By CheapFPS Team / May 30, 2026

Featured CheapFPS GPU comparison graphic showing a bright 1080p street fight versus a neon city firefight with RTX 5060 vs RTX 4060, 16GB Edge, 22% Raster, and DLSS 4 MFG callouts.

The RTX 5060 launched at $299, matching the RTX 4060’s price exactly. Same tier, same MSRP — but a generational gap that makes the upgrade math genuinely interesting for anyone sitting on a 4060 or deciding between the two cards right now. Here’s what the benchmarks and the spec sheet actually tell you.

What changed generation to generation

Nvidia’s Blackwell architecture — the same one in the RTX 5090 and 5080 — trickles down to the RTX 5060 with a few key upgrades over the Ampere-era 4060:

  • Memory: 16GB GDDR7 vs 8GB GDDR6. This is the biggest practical difference. The 4060’s 8GB framebuffer has been showing up as a limitation in some 2026 titles at high textures; the 5060 doubles it with faster GDDR7 bandwidth on top.
  • Rasterization performance: Roughly 22% faster than the RTX 4060 in traditional rendering workloads. Meaningful but not a generational leap.
  • Ray tracing: Approximately 30–35% improvement over the 4060, per early benchmarks.
  • DLSS 4 Multi-Frame Generation: This is the wildcard. MFG is exclusive to Blackwell (RTX 50-series) and can multiply perceived framerates by up to 4x using AI-generated frames. DLSS 3 Frame Generation on the 4060 generates one additional frame; DLSS 4 MFG generates up to three. In supported titles, this is the bigger performance gap than the raw rasterization numbers.

Raw benchmark summary

Without DLSS or frame generation, the RTX 5060 runs about 15–22% faster than the RTX 4060 at 1080p and 1440p in rasterized workloads. That’s a real improvement — comparable to what you’d see going from a GTX 1080 to a GTX 1080 Ti — but it doesn’t justify the jump on raw performance alone if you already own a 4060.

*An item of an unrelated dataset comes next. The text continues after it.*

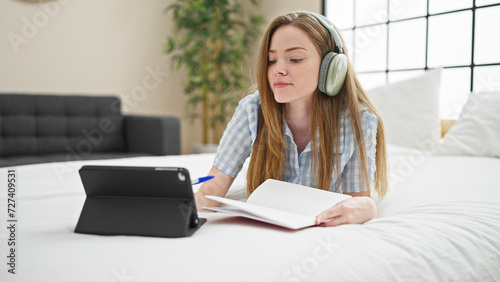 Young blonde woman student writing on notebook using touchpad studying on bed at bedroom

With DLSS 4 MFG enabled in supported titles, the 5060 pulls far ahead. Games like Cyberpunk 2077, Alan Wake 2, and Warhammer 40K Space Marine 2 support it; older titles don’t. If your game list skews toward new AAA releases, the multiplier matters. If you’re playing CS2, Fortnite, or Warzone, it’s irrelevant — competitive games cap or don’t support MFG anyway.

Inline CheapFPS gaming graphic for the RTX 5060 vs RTX 4060 article showing a fantasy bridge battle with VRAM-focused callouts for 16GB Holds Longer, 1080p Safe Now, and Long-Term Headroom.

The VRAM question

The 4060’s 8GB is fine for 1080p in 2026 — most games don’t blow past 8GB at medium-to-high settings at that resolution. But “fine for now” isn’t the same as “safe for 3+ years.” Some titles are already pushing 9–10GB at 4K high, and 1080p texture budgets will grow. The RTX 5060’s 16GB eliminates this concern for the foreseeable future.

If you’re buying new and planning to keep the card for 3–4 years, the VRAM headroom alone is a reasonable tiebreaker in the 5060’s favor — assuming street pricing holds near the $299 MSRP.

Upgrade math: sell your 4060?

RTX 4060 used prices are landing around $150–$170 on eBay as owners sell into the 5060 launch. If you can sell your 4060 in that window, the net cost of upgrading to an RTX 5060 drops to roughly $130–$150. At that effective price, the upgrade makes more sense — you’re getting 16GB GDDR7, 22% more raster performance, and DLSS 4 MFG access for the cost of a dinner out a few times.

If you wait too long, 4060 prices will soften further as supply increases and the window tightens. The first month post-launch is usually the best time to flip a last-gen card.

What about the RX 9060 XT?

AMD’s answer to the RTX 5060 is the RX 9060 XT. Benchmarks show it’s 15–20% faster than the RX 7600 in rasterization and carries FSR 4 support. The headline specs look competitive — but the pricing tells a different story. Street pricing has come in around $440–$510 in European markets at launch, significantly above the RTX 5060’s $299 MSRP.

AMD offers the 9060 XT in both 8GB and 16GB variants. Based on early performance data, the 8GB version is uncomfortably close to its VRAM limit in some titles — reviewers have called 8GB “playing with fire” on this card. The 16GB variant is the one worth considering, which pushes the price gap against Nvidia even wider.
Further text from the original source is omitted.